The stub files provided with gdb implement the target side of the communication protocol, and the gdb side is implemented in the gdb source file remote.c. Normally, you can simply allow these subroutines to communicate, and ignore the details. (If you're implementing your own stub file, you can still ignore the details: start with one of the existing stub files. sparc-stub.c is the best organized, and therefore the easiest to read.)

To debug a program running on another machine (the debugging target machine), you must first arrange for all the usual prerequisites for the program to run by itself. For example, for a C program, you need:

  1. A startup routine to set up the C runtime environment; these usually have a name like crt0. The startup routine may be supplied by your hardware supplier, or you may have to write your own.
  2. A C subroutine library to support your program's subroutine calls, notably managing input and output.
  3. A way of getting your program to the other machine—for example, a download program. These are often supplied by the hardware manufacturer, but you may have to write your own from hardware documentation.

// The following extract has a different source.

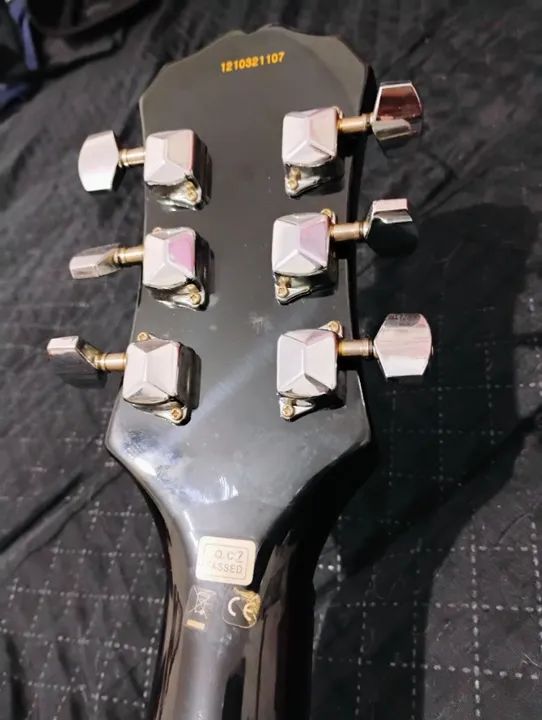 Guitarra Epiphone Special II LTD - Foto 6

The next step is to arrange for your program to use a serial port to communicate with the machine where gdb is running (the host machine). In general terms, the scheme looks like this:

On the host,
gdb already understands how to use this protocol; when everything else is set up, you can simply use the ‘target remote’ command (see Specifying a Debugging Target).
On the target,
you must link with your program a few special-purpose subroutines that implement the gdb remote serial protocol. The file containing these subroutines is called a debugging stub.

On certain remote targets, you can use an auxiliary program gdbserver instead of linking a stub into your program. See Using the gdbserver Program, for details.

The debugging stub is specific to the architecture of the remote machine; for example, use sparc-stub.c to debug programs on sparc boards.

These working remote stubs are distributed with gdb:

For Intel 386 and compatible architectures.
For Motorola 680x0 architectures.
For Renesas SH architectures.
For sparc architectures.
For Fujitsu sparclite architectures.

The README file in the gdb distribution may list other recently added stubs.